Part:BBa_K1640018

CHlM

ChlM gene from Chlamydomonas reinhardtii, encodes magnesium protoporphyrin IX methyltransferase, a protein involved in chlorophyll biosynthesis.

Usage and Biology

The autotrophic gene ChlM is involved in the chlorophyll biosynthetic pathway in the formation of chlorophyll a (Meinecke et al. 2010). It encodes the enzyme magnesium protoporphyrin IX methyltransferase, involved in the second step of chlorophyll biosynthesis from protoporphyrin IX (Block et al, 2002). ChlM utilizes ubiquitous methylating agent S-Adenosyl-L-methionine as a cofactor in the catalysis of Mg-protoporphyrin IX through methyl group transfer, forming Mg-protoporyphyrin IX monomethyl ester (Gibson et al., 1963);

S-adenosyl-L-methionine + magnesium protoporphyrin IX ⇌ S-adenosyl-L-homocysteine + magnesium protoporphyrin IX 13-methyl ester.

This part allows E. coli to express the Chlamydomonas reinhardtii-derived ChlM gene involved in the chlorophyll biosynthesis pathway.

Part functionality

We have demonstrated the functionality of ChlM enzyme encoding magnesium protoporphyrin IX methyltransferase (lac+ChlM: BBa_K1640018), an enzyme within the third operon in the chlorophyll-a biosynthesis pathway. ChlM catalyses the methylation of a carboxyl group in magnesium-protoporphyrin IX using cofactor S-Adenosyl-L-methionine (SAM), yielding magnesium-protophorphyrin IX mono-methyl ester (3);

S-adenosyl-L-methionine + magnesium protoporphyrin IX ⇌ S-adenosyl-L-homocysteine + magnesium protoporphyrin IX 13-methyl ester.

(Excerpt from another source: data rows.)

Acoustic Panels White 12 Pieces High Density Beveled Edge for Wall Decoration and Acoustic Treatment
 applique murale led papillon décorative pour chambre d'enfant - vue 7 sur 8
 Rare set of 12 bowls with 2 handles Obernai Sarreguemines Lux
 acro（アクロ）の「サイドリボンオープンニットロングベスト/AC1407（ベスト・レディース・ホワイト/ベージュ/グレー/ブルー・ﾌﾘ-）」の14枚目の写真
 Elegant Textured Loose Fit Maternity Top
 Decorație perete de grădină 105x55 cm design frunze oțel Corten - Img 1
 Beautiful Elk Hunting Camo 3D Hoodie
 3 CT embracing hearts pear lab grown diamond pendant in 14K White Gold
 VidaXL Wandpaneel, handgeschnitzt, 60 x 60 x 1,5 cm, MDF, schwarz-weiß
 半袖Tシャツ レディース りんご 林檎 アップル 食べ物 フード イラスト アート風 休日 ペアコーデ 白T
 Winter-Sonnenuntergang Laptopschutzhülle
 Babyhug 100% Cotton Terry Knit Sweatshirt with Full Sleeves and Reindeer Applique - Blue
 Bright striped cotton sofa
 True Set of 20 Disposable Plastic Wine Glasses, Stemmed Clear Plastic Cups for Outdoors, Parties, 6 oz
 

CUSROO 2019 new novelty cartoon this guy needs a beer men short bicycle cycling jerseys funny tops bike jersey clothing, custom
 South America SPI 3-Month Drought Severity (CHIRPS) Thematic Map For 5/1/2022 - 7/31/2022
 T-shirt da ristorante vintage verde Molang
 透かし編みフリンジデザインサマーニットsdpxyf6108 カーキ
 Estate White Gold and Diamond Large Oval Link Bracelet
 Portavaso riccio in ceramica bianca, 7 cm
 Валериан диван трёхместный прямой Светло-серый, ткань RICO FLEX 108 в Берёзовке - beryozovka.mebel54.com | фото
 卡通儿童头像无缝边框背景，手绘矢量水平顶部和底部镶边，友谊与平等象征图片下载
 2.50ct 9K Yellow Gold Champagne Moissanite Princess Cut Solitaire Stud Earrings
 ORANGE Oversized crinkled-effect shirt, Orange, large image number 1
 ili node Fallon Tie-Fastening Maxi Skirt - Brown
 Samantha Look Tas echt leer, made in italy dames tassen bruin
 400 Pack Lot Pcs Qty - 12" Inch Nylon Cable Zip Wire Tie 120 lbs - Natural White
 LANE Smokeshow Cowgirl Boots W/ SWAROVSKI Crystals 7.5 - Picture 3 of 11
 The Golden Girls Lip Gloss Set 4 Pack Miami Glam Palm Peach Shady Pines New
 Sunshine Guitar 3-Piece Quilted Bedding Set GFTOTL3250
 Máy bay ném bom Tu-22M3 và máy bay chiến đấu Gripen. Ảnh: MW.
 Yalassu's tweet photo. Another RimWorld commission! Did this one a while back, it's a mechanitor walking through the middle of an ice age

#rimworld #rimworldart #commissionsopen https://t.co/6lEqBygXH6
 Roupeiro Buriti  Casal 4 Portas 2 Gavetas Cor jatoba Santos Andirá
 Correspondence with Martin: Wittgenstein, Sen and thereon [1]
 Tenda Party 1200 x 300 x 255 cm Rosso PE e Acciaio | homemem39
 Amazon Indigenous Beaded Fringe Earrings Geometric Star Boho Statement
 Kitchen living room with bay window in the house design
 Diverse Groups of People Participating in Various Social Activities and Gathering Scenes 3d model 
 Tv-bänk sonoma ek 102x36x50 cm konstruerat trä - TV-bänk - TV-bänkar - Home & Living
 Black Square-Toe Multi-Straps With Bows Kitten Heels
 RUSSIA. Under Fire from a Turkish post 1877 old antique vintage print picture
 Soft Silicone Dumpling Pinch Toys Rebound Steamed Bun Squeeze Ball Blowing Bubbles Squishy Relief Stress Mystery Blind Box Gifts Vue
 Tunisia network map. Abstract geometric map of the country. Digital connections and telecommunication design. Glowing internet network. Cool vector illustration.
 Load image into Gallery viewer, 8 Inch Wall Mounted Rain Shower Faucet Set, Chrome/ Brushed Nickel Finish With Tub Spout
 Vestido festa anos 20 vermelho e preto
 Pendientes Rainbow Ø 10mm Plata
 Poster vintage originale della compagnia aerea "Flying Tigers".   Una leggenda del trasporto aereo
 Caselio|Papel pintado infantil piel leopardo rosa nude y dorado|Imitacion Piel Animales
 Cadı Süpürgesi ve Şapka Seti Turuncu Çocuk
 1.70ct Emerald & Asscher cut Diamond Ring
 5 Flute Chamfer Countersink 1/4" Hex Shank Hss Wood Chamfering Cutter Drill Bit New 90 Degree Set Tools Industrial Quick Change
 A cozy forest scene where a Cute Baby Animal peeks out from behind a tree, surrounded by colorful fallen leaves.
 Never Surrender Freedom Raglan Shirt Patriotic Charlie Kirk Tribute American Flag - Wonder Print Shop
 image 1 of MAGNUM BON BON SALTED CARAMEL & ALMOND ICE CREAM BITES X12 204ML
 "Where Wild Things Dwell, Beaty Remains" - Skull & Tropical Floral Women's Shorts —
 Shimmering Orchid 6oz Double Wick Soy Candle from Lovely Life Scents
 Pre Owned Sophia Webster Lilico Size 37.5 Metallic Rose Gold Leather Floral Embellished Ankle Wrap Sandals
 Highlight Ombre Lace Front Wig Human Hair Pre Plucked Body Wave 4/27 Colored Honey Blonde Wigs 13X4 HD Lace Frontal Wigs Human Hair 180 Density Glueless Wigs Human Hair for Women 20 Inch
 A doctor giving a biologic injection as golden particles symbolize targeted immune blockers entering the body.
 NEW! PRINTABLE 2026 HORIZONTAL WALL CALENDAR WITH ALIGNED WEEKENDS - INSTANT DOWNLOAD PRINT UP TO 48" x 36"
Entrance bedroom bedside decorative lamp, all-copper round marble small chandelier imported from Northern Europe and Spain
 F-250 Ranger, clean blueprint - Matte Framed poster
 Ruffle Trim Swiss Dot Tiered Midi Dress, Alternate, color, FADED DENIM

Figure 5. Catalysis of Mg-protoporphyrin IX to Mg-protoporphyrin IX monomethylester by ChlM(4).

To demonstrate functionality of ChlM, we added a lac promoter creating a lac + ChlM composite part (Figure 4). This was transformed into E. coli strains DH5a, K12 and XL-blue. Protein was induced using auto-induction media ZYM5052 (5).

Functional assay of ChlM

Cell lysate containing over expressed ChlM was added with substrates and products were separated by FPLC (Figure 3).

Figure 6. FPLC chromatogram of the products of ChlM activity alongside positive and negative controls. The substrate MG-PPIX elutes at 3.04 mins, while the product Mg-PPIX mono-ester elutes at 4.22 mins.

The FPLC chromatogram data enabled determination of ChlM enzyme activity (Figure 3). This data enabled further determination of levels of Mg-Protoporphyrin IX converted to Mg-Protoporphyrin IX-ME by ChlM. In this instance, 26% of the precursor molecule Mg-Protoporphyrin IX had been catalysed by the enzyme ChlM into Mg-Protoporphyrin IX-ME.

When compared to ChlM pET (positive control) expression, which successfully converted 12% of the precursor molecule, it is apparent that our expression of ChlM was very successful.

Sequence and Features

Assembly Compatibility:

10
COMPATIBLE WITH RFC[10]
12
COMPATIBLE WITH RFC[12]
21
INCOMPATIBLE WITH RFC[21]
Illegal BglII site found at 225
23
COMPATIBLE WITH RFC[23]
25
COMPATIBLE WITH RFC[25]
1000
COMPATIBLE WITH RFC[1000]

References

Block, M., Tewari, A., Albrieux, C., Maréchal, E. and Joyard, J. (2002). The plant S-adenosyl-l-methionine:Mg-protoporphyrin IX methyltransferase is located in both envelope and thylakoid chloroplast membranes. European Journal of Biochemistry, 269(1): 240-248.

Gibson, K.D., Neuberger, A. and Tait, G.H. (1963). Studies on the biosynthesis of porphyrin and bacteriochlorophyll by Rhodopseudomonas spheroides. 4. S-Adenosylmethionine–magnesium protoporphyrin methyltransferase. Biochemical Journal, 88(2): 325-334.

Meinecke, L., Alawady, A., Schroda, M., Willows, R., Kobayashi, M., Niyogi, K., Grimm, B. and Beck, C. (2010). Chlorophyll-deficient mutants of Chlamydomonas reinhardtii that accumulate magnesium protoporphyrin IX. Plant molecular biology, 72(6): 643-658.